Nel 1956, i primi 58 container della Ideal X sono perciò altrettanti pezzi di Lego spaiati. Combaciano tra loro ma non con il resto del sistema del trasporto internazionale: possono essere mossi solo dalla Ideal X, transitare solo dai porti di Newark e Houston, viaggiare solo su specifici camion. Se vuole avere un futuro, il container deve convincere il mondo a stare alle sue regole. Scomodando Goethe esso è infatti l’Urphänomen che detta le caratteristiche di tutto ciò con cui entra in contatto. Senza un accordo sulle sue specifiche, il container perde infatti il suo potenziale più rivoluzionario, ovvero l’intermodalità. Container diversi tra loro non solo non potrebbero comunicare ma finirebbero per generare ulteriori divergenze nei mezzi di trasporto, nelle infrastrutture e nelle tecnologie chiamate a gestirli. Si tornerebbe punto e a capo. Il container ha in altre parole bisogno di standard.

Se, come scrive David Singh-Grewal, uno standard è ciò che “permette ai membri di una rete di raggiungere forme di reciprocità, scambio e risultati collettivi”, nel caso del container esso è indispensabile per “generare” le economie di scala del trasporto che sono il messaggio implicito al medium del container. La “fortuna” del container è di comparire nell’età d’oro della standardizzazione. Con il ricordo della guerra ancora fresco, nel dopoguerra gli standard non sono visti come semplici protocolli tecnici bensì come collanti della cooperazione internazionale.

Nel pieno della Guerra fredda, gli incontri per trattare le loro specifiche sono le poche occasioni in grado di riunire allo stesso tavolo delegati occidentali e sovietici.
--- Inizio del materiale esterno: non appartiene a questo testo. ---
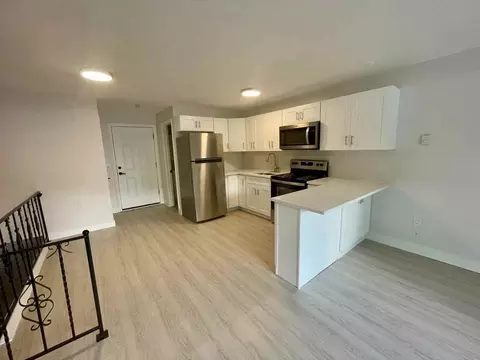 222 Bradley Ave, Waterbury, CT 06708 photo 2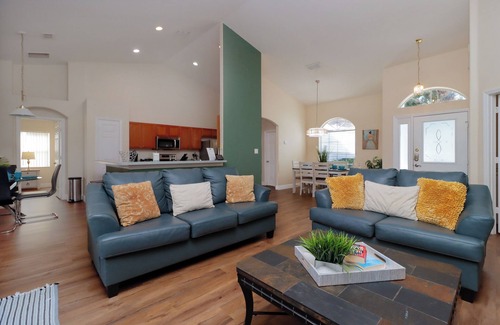 Orange Tree House | Private Pool Oasis Near Disney | Sleeps 8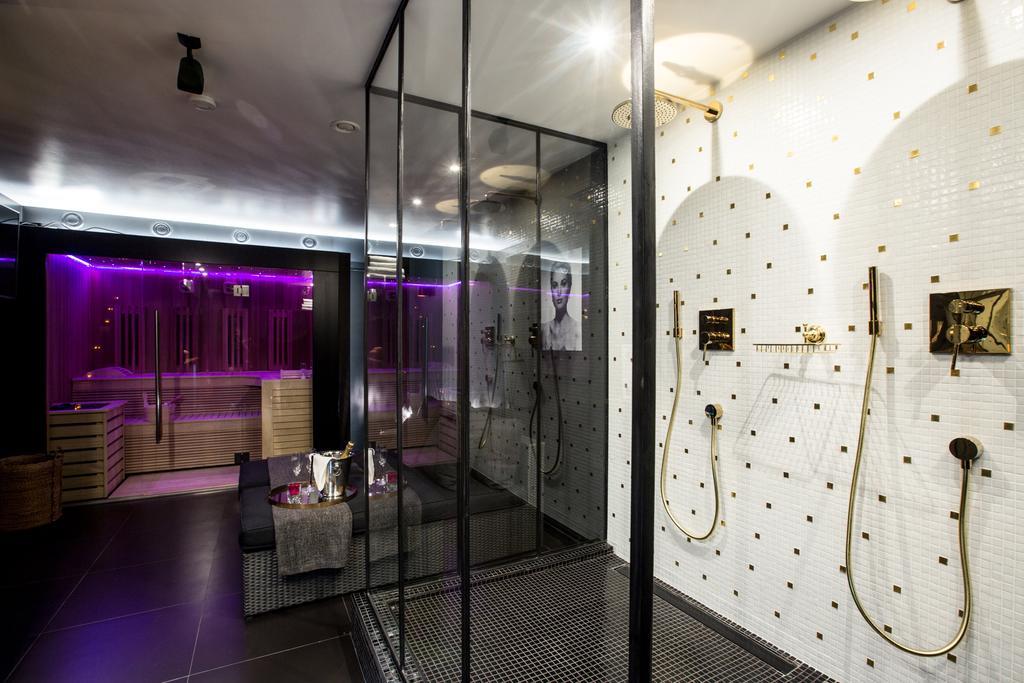 Chambre Avec Jacuzzi Sauna Privatif Brussel Bagian luar foto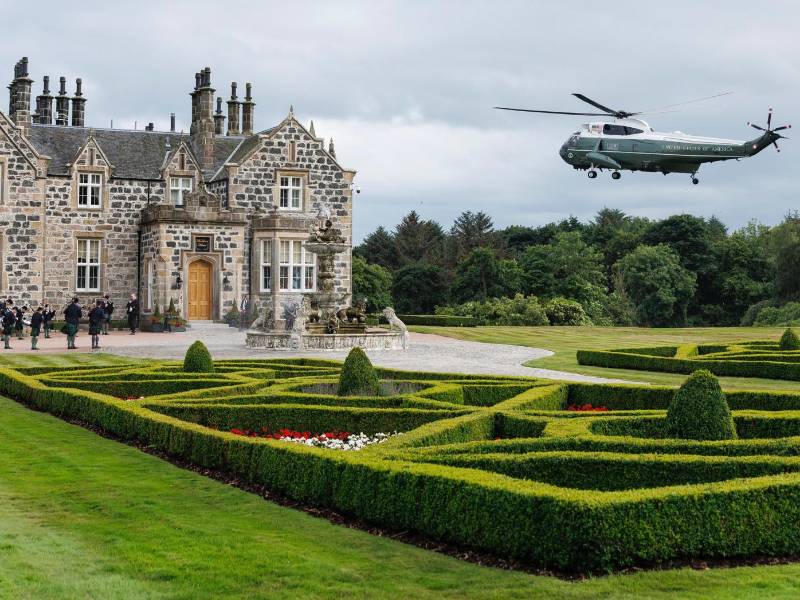 El Reino Unido asistió este lunes a la insólita imagen de su primer ministro, Keir Starmer, siendo recibido en su propio país por el presidente de Estados Unidos, Donald Trump, con quien mantuvo una reunión bilateral en su complejo de golf de Turnberry, al oeste de Escocia, para luego trasladarse al Trump MacLeod House, una mansión estilo castillo del magnate.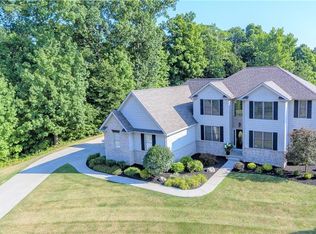 1123 Foxglove Cir, Cuyahoga Falls, OH 44223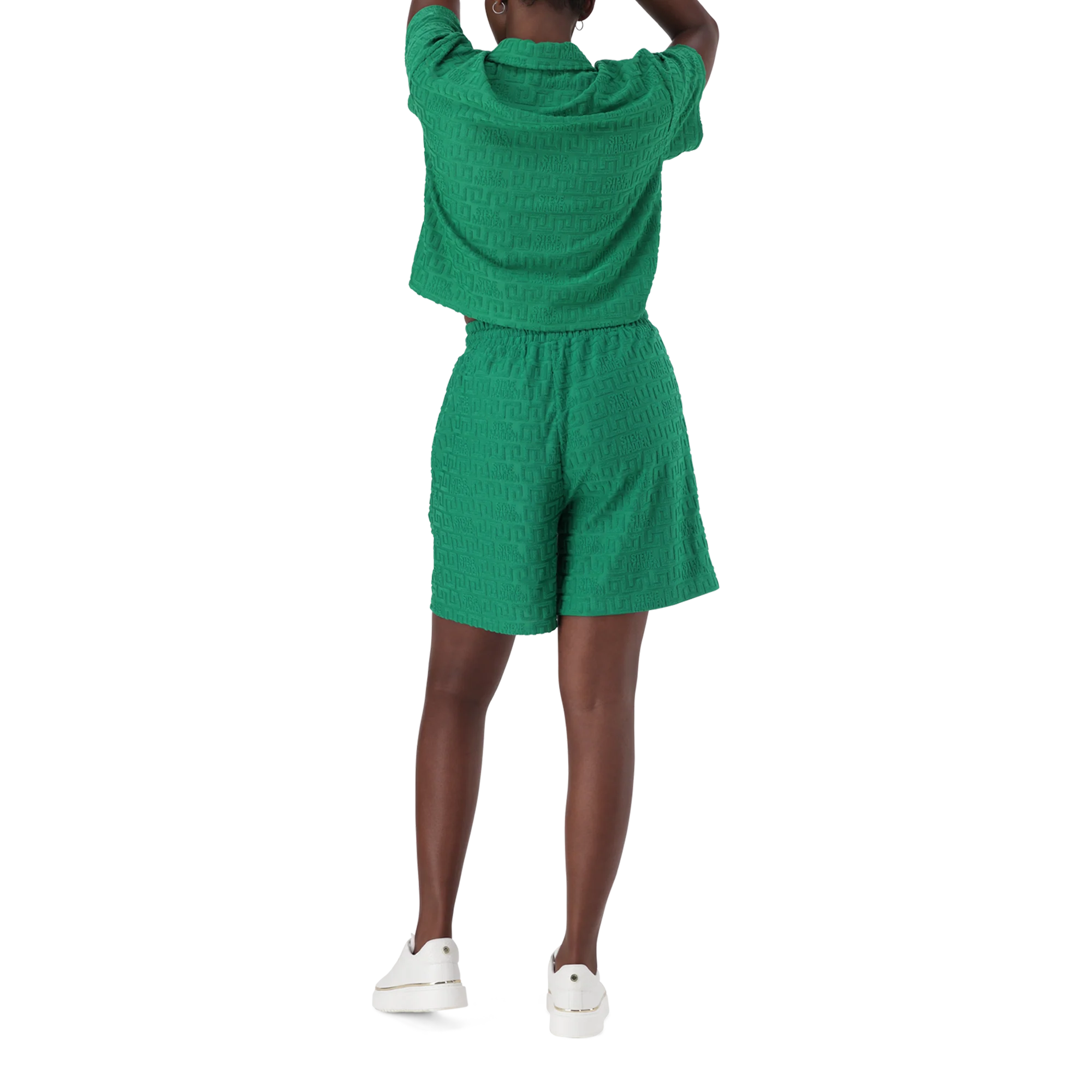 Steve Madden BELLA EMERALD EMBOSSED LOGO JOGGER SHORTS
Ed eppure, nonostante le buone intenzioni, l’iter di standardizzazione del container risulta comunque lungo e travagliato, brucia in pratica gli interi anni Sessanta. E non può essere altrimenti. Non appena la politica ne comprende il potenziale, la faccenda non interessa più solo impresari del trasporti, marinai, industriali e scaricatori ma diviene un tiro alla fune tra intere nazioni e sfere d’influenza economica e politica, ognuna decisa a sostenere lo standard che meglio si accorda con le caratteristiche delle proprie infrastrutture strategiche.
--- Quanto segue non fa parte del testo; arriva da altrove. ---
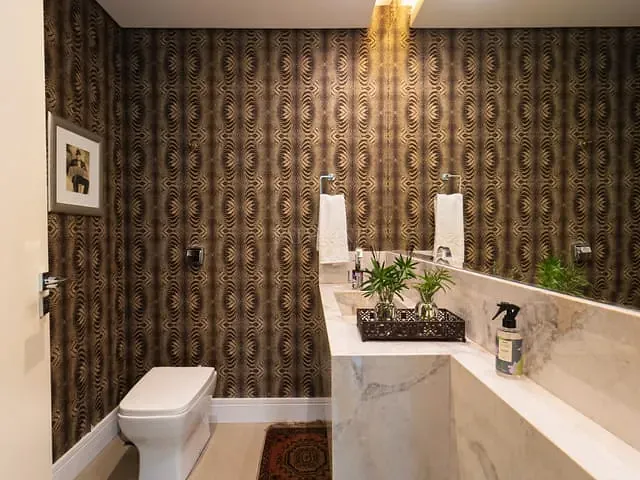Casa com 685m² 4 quartos e 4 banheiros, à venda, no bairro São João em Curitiba
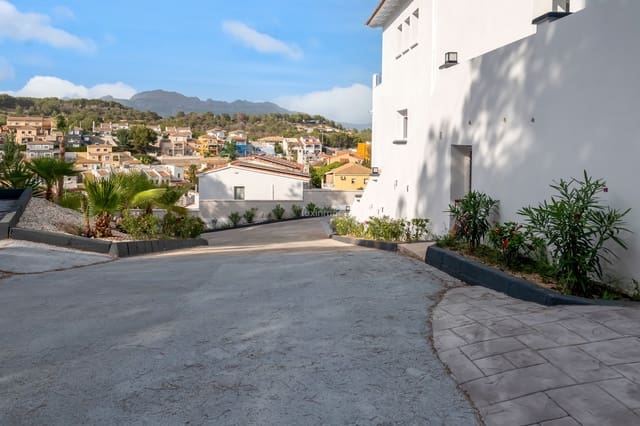 6 bedroom Villa for sale in La Nucia with garage - € 1,350,000 (Ref: 9148821)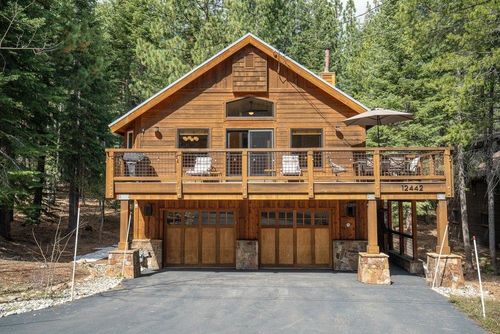 12442 Saint Bernard Dr, Truckee, CA, 96161-6247 | Card Image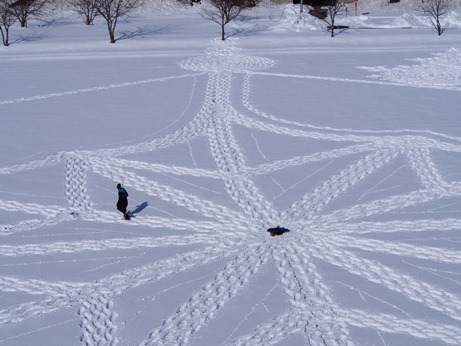 日本初のスノーアート「冬の田んぼアート」～メイキング編～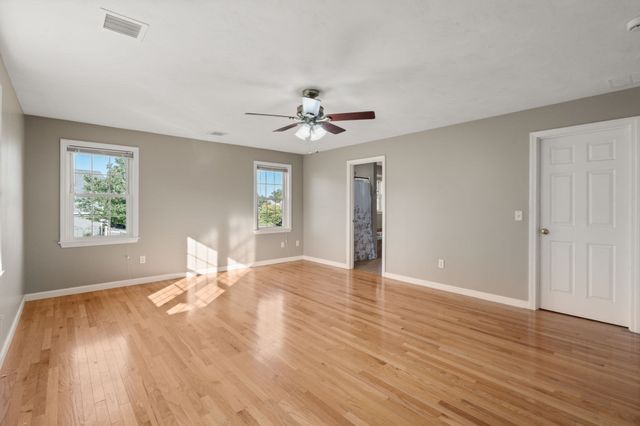 3076 Hunters Hill Dr, Dighton, MA 02715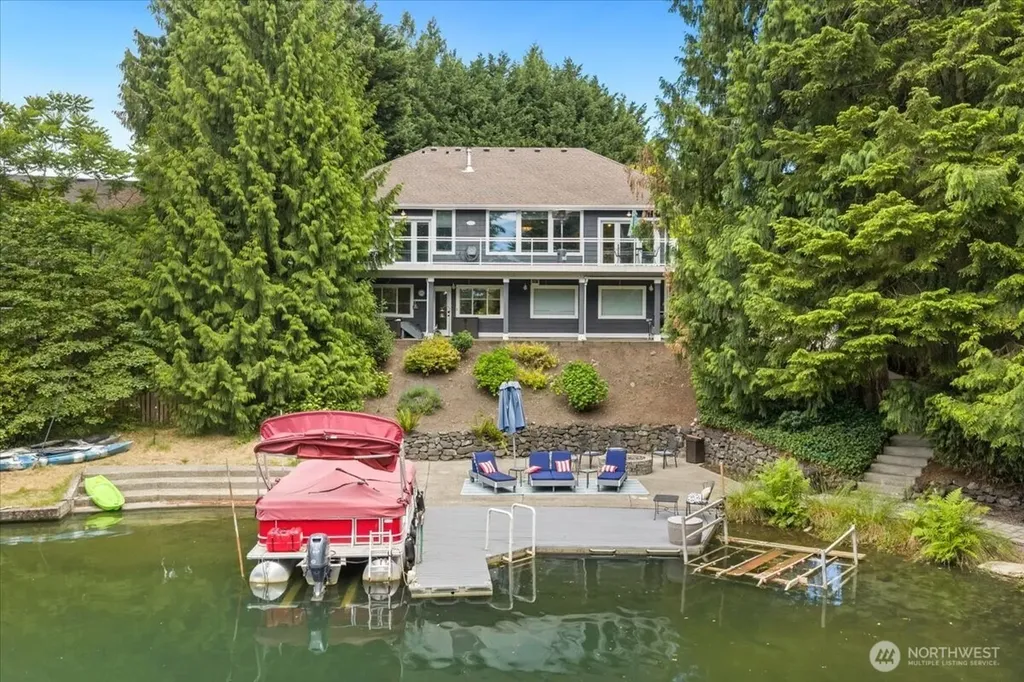 3324 Deer Island Drive E Lake Tapps WA 98003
Intorno al container si accende così una contrattazione di natura anche geopolitica nel pieno degli anni più caldi della Guerra fredda, con convegni sparsi tra Washington e L’Aia, Parigi e Mosca. Una geopolitica di centimetri di metallo, di forme di ganci, di diametri di fori, ma pur sempre tale. Una contrattazione segnata da duelli a colpi di compasso e righello, di giurisprudenza internazionale, di fiumi di bozze approvate un giorno e rimesse in discussione quello successivo.
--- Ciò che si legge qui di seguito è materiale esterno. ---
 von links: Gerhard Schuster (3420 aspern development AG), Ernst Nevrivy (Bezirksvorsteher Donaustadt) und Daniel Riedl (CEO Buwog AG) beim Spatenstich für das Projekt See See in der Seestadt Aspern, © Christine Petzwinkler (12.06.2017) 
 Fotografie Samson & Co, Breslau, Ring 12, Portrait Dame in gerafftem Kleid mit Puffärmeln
(…) Mentre i pionieri del container solcano i mari con le loro scatole “impure”, a fine anni Sessanta a Ginevra si compiono gli ultimi faticosi passi per la loro standardizzazione. Nel 1970 l’ISO presenta infatti il primo documento ufficiale con le “specifiche dei container […] adatti allo scambio e al trasporto internazionale via strada, rotaia e mare inclusi gli interscambi tra queste forme di trasporto”. È il patentino del container. Negli anni Settanta la garanzia di uno standard sblocca i primi sistematici investimenti nella containerizzazione: si costruiscono navi ad hoc, si adeguano porti, si adattano ferrovie e autostrade, appena in tempo per le grandi trasformazioni del processo produttivo globale che prendono avvio in quel decennio.

(…) In virtù della netta egemonia americana durante il periodo della sua comparsa, le attuali dimensioni di qualunque container al mondo corrispondono tuttora alla massima larghezza consentita ai veicoli sulle autostrade statunitensi degli anni Sessanta. È per questa ragione che, quando guardate un container, state guardando un parallelepipedo largo esattamente 2 metri e 44 centimetri.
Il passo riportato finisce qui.